── Supplied entries

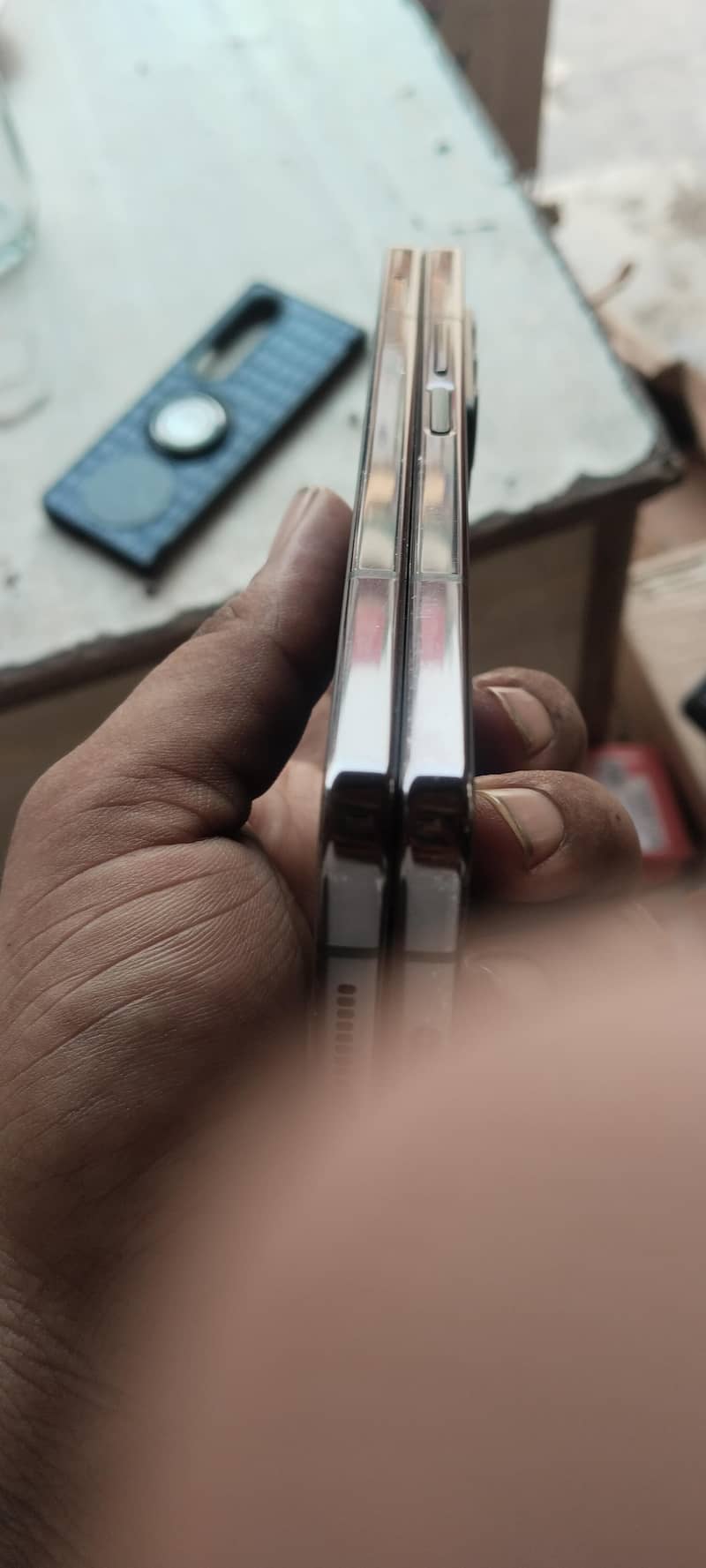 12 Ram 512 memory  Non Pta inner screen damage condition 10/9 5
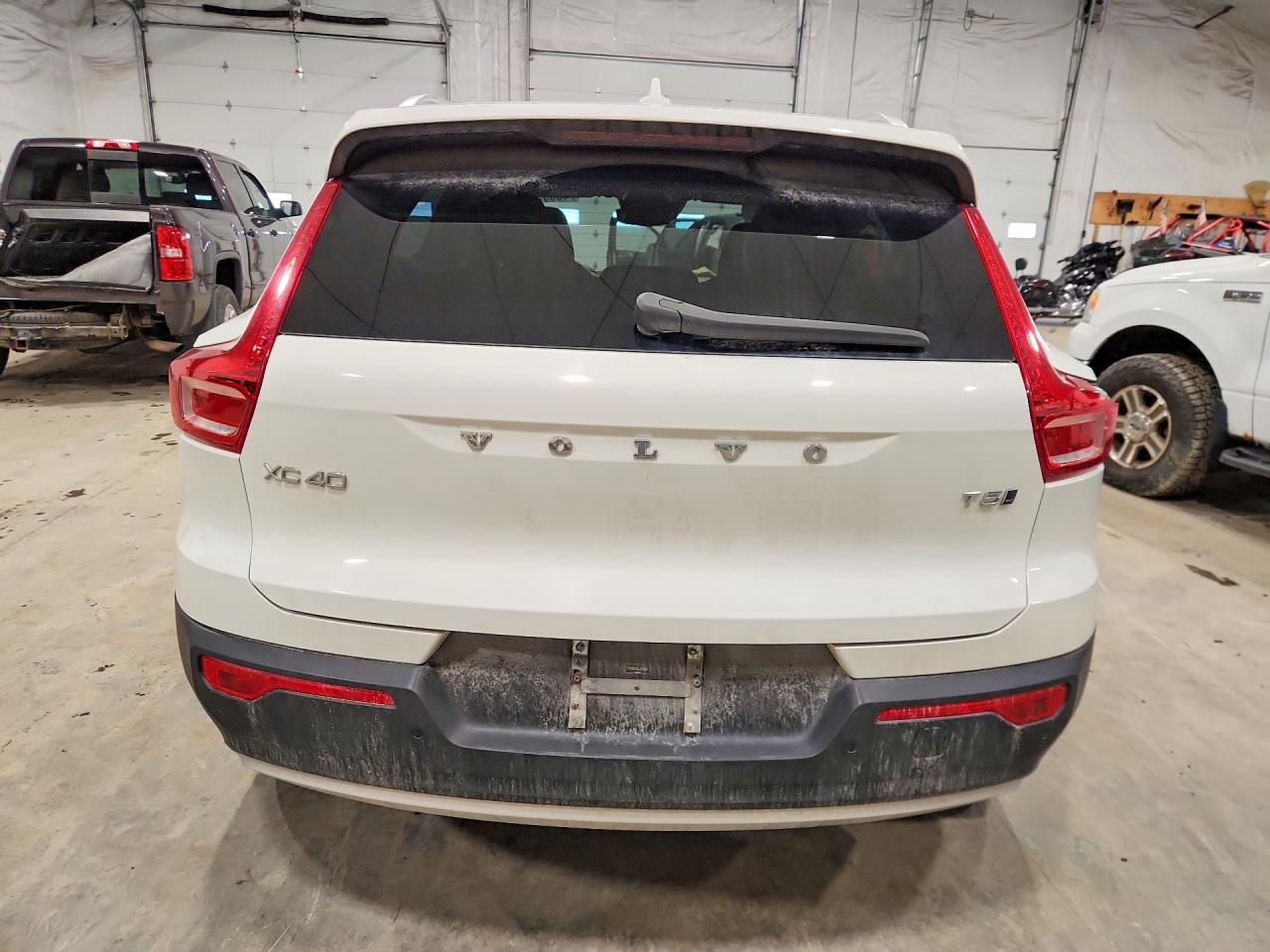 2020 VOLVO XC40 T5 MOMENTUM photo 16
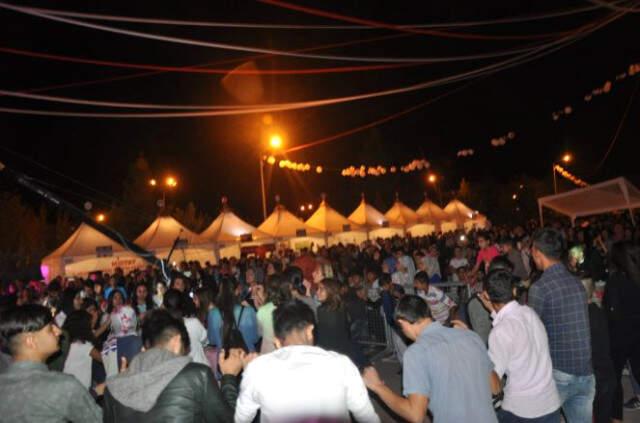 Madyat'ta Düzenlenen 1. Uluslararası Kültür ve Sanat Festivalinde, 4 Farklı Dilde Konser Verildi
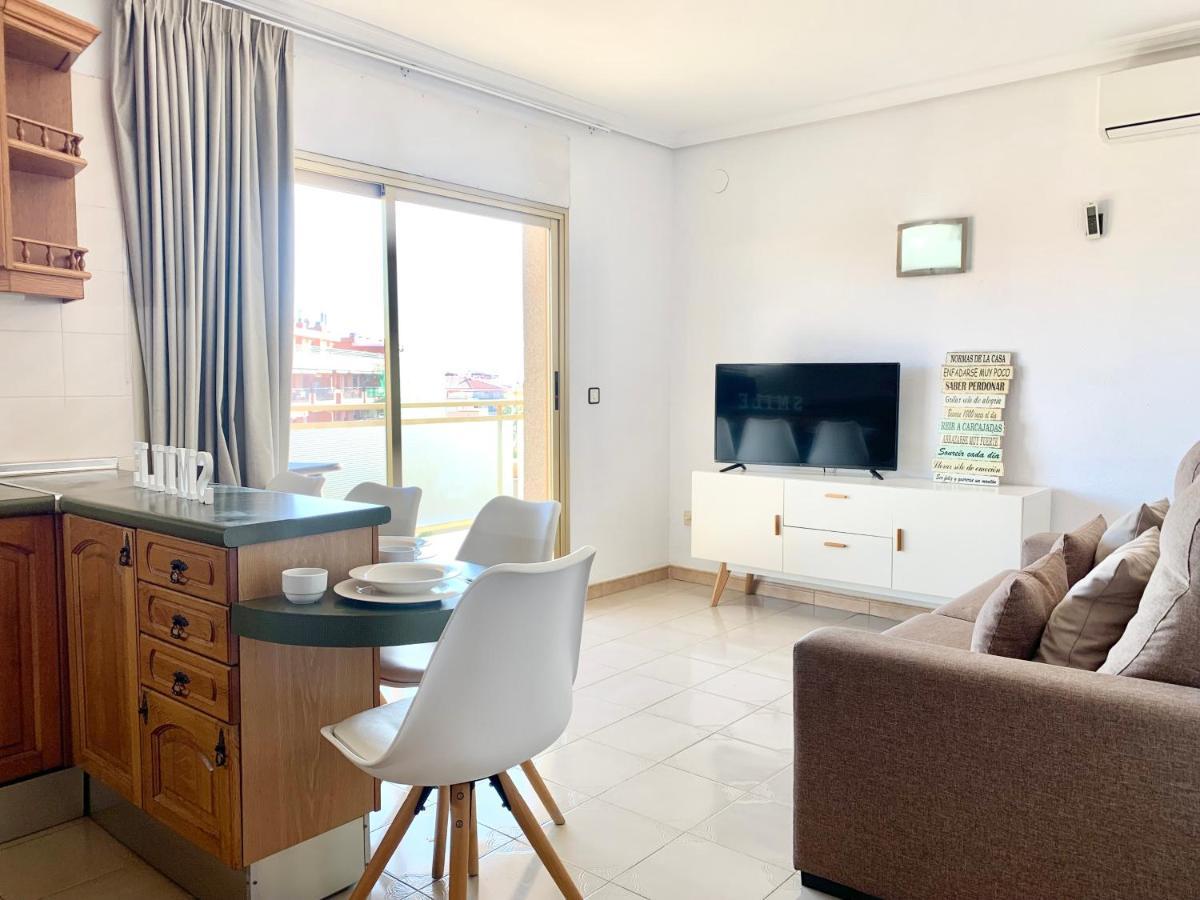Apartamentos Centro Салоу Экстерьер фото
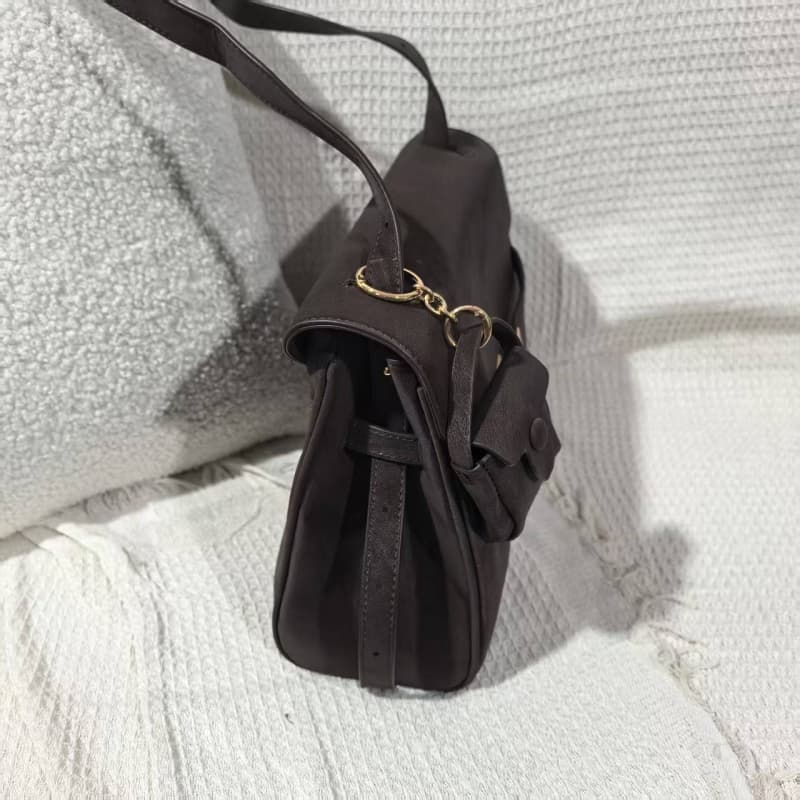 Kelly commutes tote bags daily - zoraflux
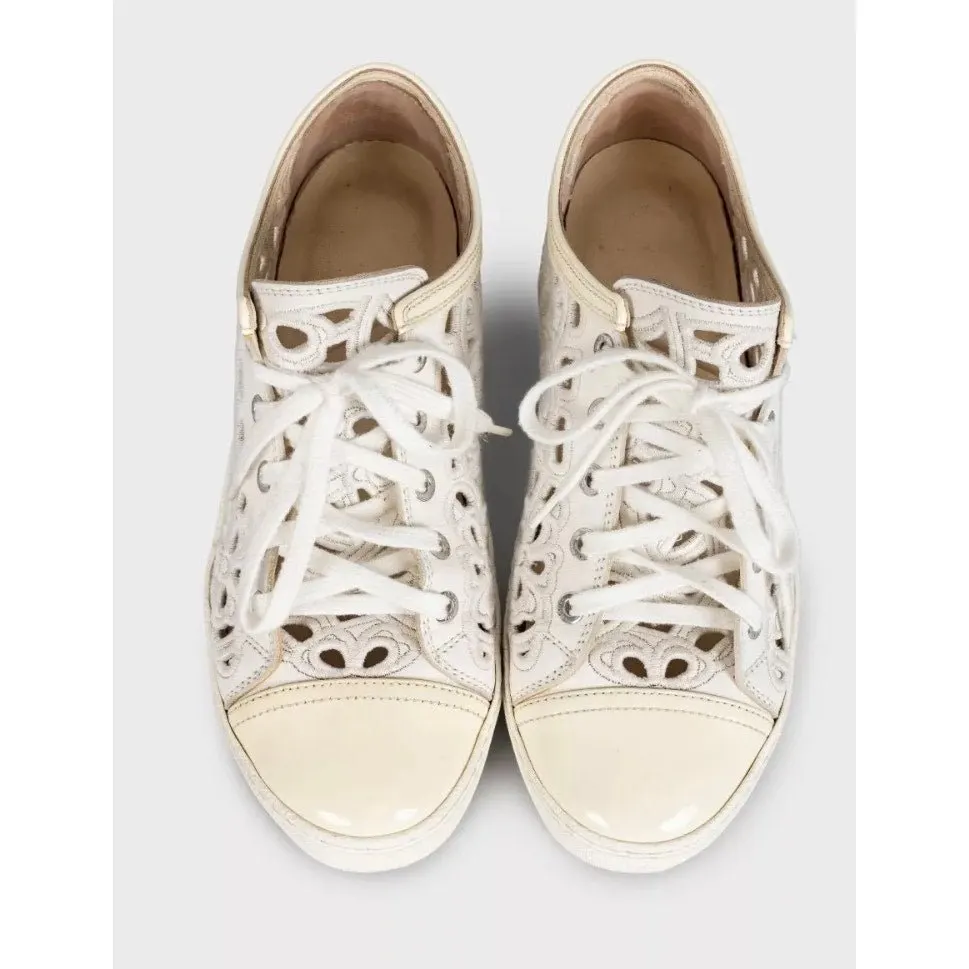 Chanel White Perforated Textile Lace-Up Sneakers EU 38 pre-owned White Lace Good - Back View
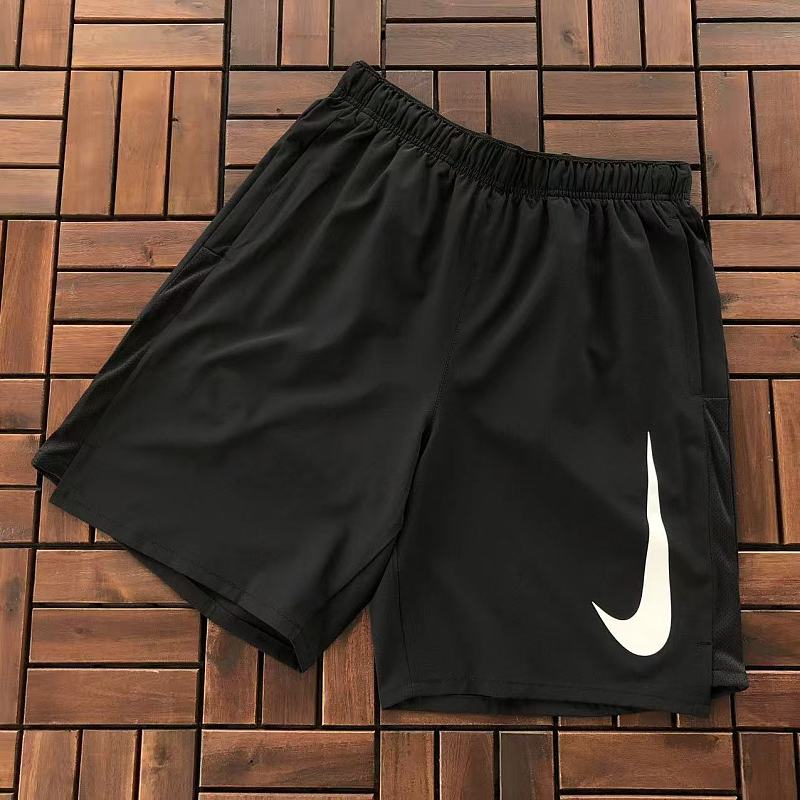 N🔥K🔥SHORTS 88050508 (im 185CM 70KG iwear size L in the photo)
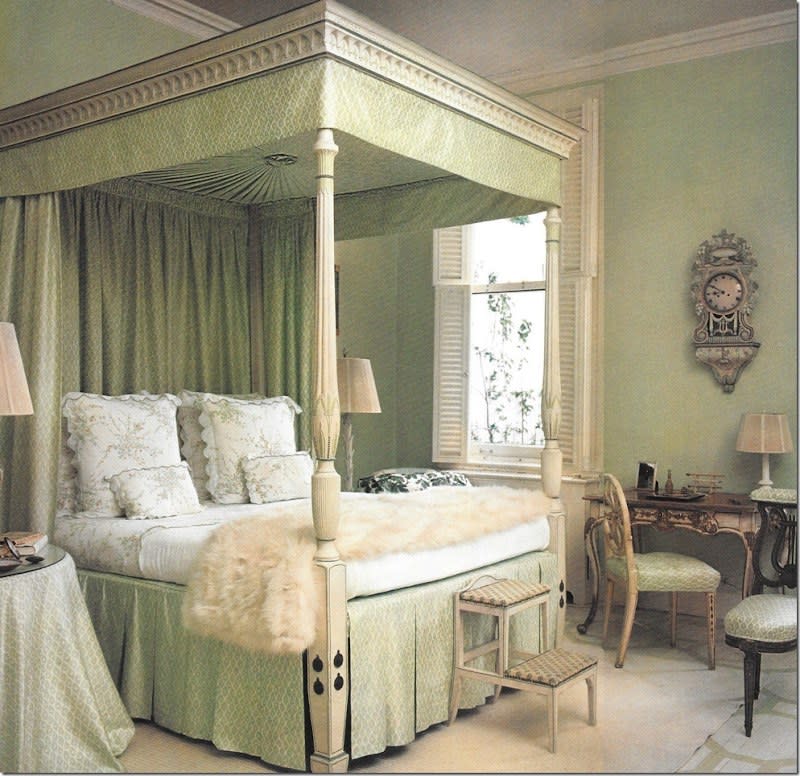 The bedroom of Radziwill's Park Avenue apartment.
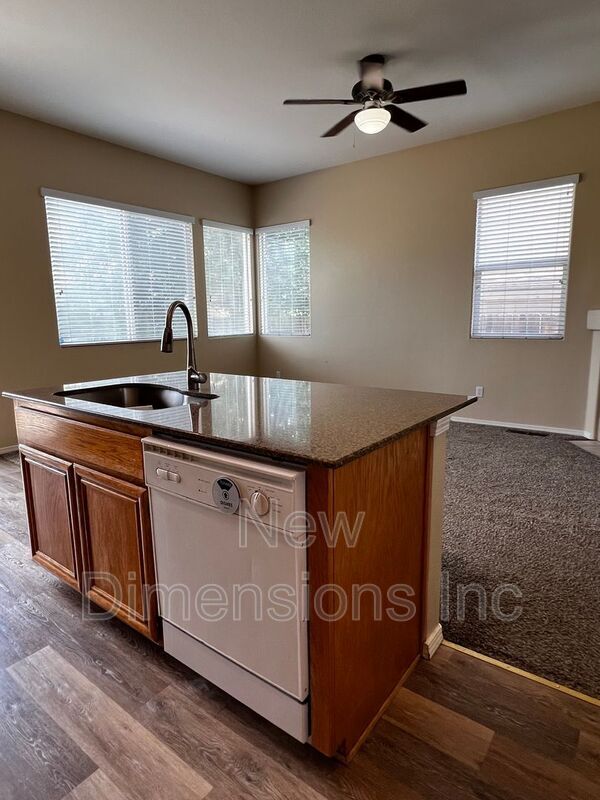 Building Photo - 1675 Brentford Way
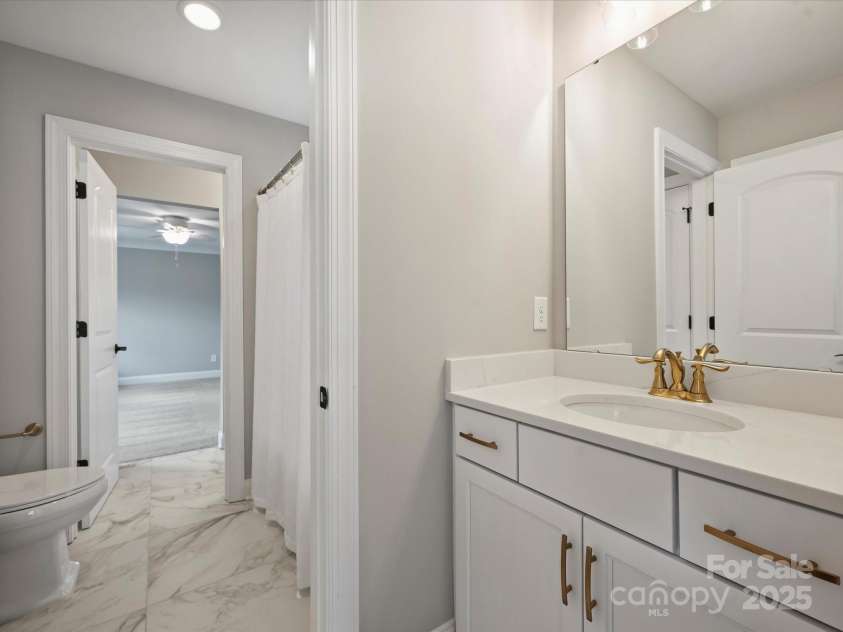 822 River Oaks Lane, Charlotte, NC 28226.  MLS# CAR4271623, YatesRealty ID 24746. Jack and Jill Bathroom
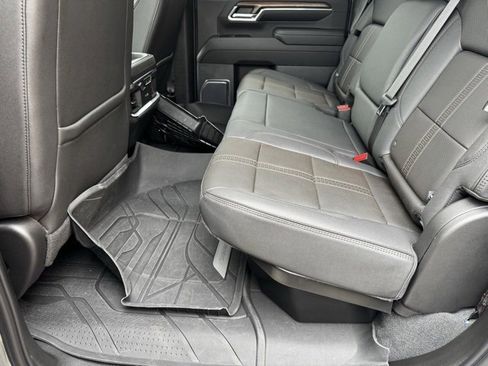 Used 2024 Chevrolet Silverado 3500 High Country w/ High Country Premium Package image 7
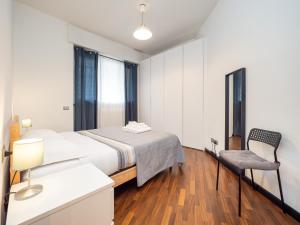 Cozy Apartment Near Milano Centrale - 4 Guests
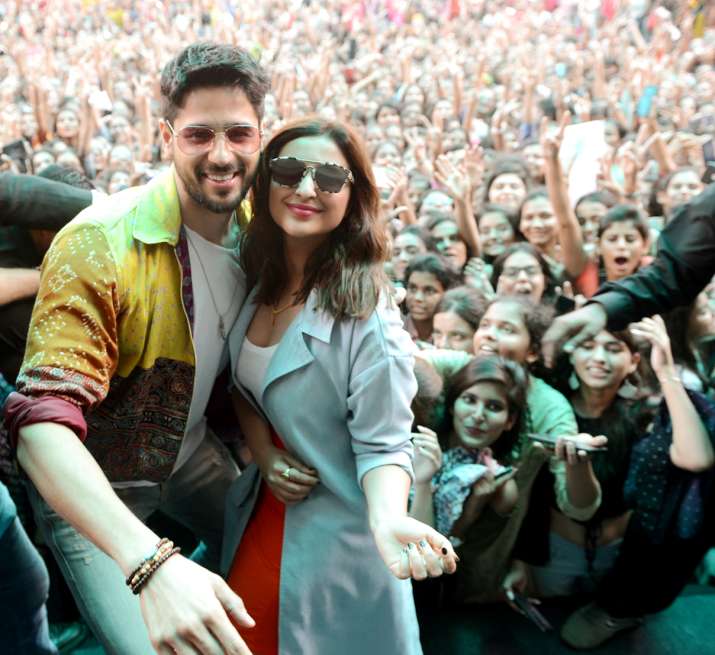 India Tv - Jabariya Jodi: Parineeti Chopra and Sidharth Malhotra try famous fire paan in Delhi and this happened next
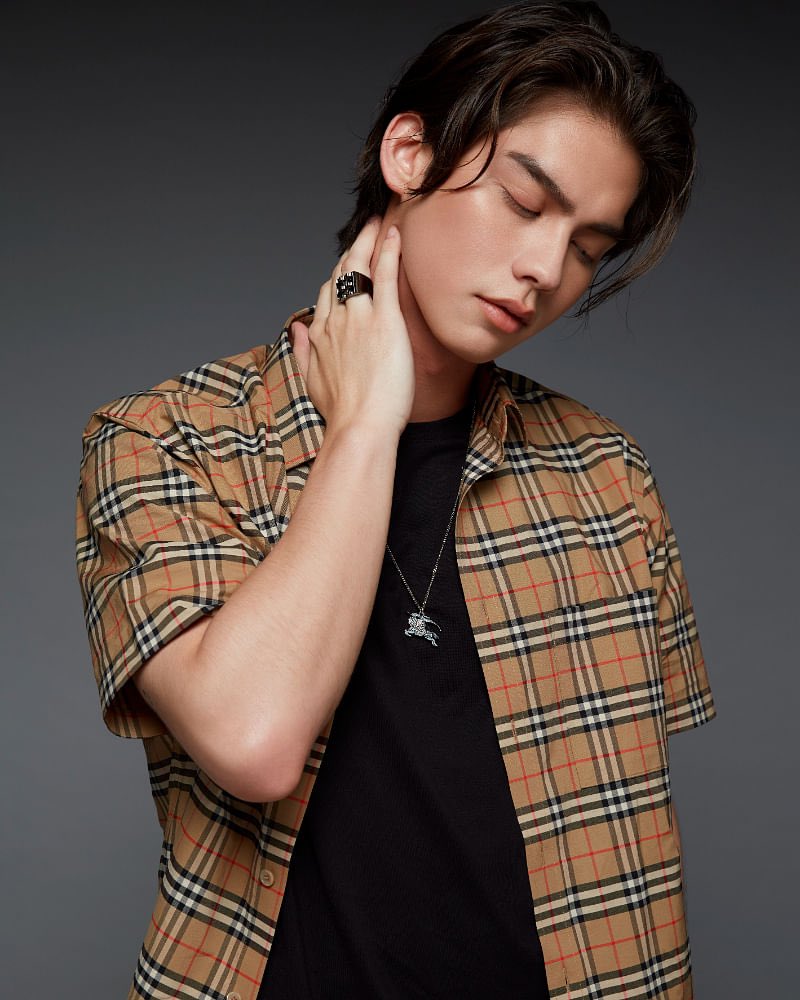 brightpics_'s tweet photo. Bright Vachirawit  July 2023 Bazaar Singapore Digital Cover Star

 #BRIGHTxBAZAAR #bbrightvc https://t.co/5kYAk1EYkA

────

# Instructions for the task:
All pictures are to be skipped. Output, word for word, the lines in the data above starting at the line containing "Madyat'ta Düzenlenen 1." and ending at the line containing "Cozy Apartment Near".

# Result of the exercise:
 Madyat'ta Düzenlenen 1. Uluslararası Kültür ve Sanat Festivalinde, 4 Farklı Dilde Konser Verildi
Apartamentos Centro Салоу Экстерьер фото
 Kelly commutes tote bags daily - zoraflux
 Chanel White Perforated Textile Lace-Up Sneakers EU 38 pre-owned White Lace Good - Back View
 N🔥K🔥SHORTS 88050508 (im 185CM 70KG iwear size L in the photo)
 The bedroom of Radziwill's Park Avenue apartment.
 Building Photo - 1675 Brentford Way
 822 River Oaks Lane, Charlotte, NC 28226.  MLS# CAR4271623, YatesRealty ID 24746. Jack and Jill Bathroom
 Used 2024 Chevrolet Silverado 3500 High Country w/ High Country Premium Package image 7
 Cozy Apartment Near Milano Centrale - 4 Guests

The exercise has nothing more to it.